Reliance Industries Ltd. (RIL), battling to reverse a two-year slump in natural gas production, is spending about $1 million a day with partner BP Plc (BP/) (BP/) to look for new reserves more than a mile below its biggest field, said a person with direct knowledge of the matter.
The Indian explorer, which also runs the world’s biggest oil refining complex, started drilling under its KG-D6 block in the Bay of Bengal on March 1, the person said, asking not to be identified because of confidentiality rules. The exploration may be completed in about four weeks, the person said.
Reliance, controlled by billionaire Mukesh Ambani, and BP, Europe’s second-biggest oil company, plan to spend more than $5 billion in five years to develop discovered gas deposits in the KG-D6 block off India’s east coast.
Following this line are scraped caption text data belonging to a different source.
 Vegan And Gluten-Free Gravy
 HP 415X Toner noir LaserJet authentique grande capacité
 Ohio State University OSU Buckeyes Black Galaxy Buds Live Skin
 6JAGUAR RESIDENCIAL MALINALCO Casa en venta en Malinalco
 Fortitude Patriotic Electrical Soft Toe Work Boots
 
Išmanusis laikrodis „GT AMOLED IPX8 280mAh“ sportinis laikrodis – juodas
Ambani, listed as India’s richest man in the Bloomberg Billionaires Index with a wealth of $24.4 billion, is betting an increase in output and higher prices from April 2014 will revive earnings, which declined in four of the last five quarters.
“Finding new gas pools is critical for Reliance to return to its plan of supplying much of India’s needs,” said Alok Deshpande, a Mumbai-based analyst with Elara Securities Ltd., who recommends investors accumulate the stock. “A higher price from 2014 onward would be an added incentive.”
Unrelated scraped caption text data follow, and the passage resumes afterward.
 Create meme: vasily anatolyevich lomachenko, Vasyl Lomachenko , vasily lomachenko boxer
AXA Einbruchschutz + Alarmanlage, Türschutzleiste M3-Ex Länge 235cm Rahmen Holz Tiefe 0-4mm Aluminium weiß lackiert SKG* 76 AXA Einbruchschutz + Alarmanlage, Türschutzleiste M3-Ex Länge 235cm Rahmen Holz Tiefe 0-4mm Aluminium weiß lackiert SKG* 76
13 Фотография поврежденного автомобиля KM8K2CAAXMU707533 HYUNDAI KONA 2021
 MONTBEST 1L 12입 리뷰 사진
The government, which controls India’s natural gas prices, is due to review Reliance’s rates in 2014. Prime Minister Manmohan Singh’s administration is studying the recommendations of a panel, which advised local prices should be linked to global rates. That will almost double prices to about $8 per million British thermal units.
The new exploration well will go to a depth of 4,500 meters from the seabed to reach 70 million-year old rocks that may contain gas, the person said. These are present 2,000 meters below the producing D1 and D3 fields in the KG-D6 block.
Tushar Pania, a spokesman for Reliance, didn’t answer an e- mail seeking comment on the drilling for new deposit.
Reliance produced an average 28 million cubic meters of gas a day from the KG-D6 block in the nine months ended Dec. 31, 37 percent lower than a year earlier, according to a Jan. 18 report. The company started output in April 2009 and planned to raise it to a peak daily rate of 80 million cubic meters in a year.
Production is declining because of reservoir complexity, the company said on Jan. 18. The BP-Reliance partnership is “focused on finding more hydrocarbons and addressing the complexities of the geology along the east coast of India,” Ambani said in a Feb. 20 statement.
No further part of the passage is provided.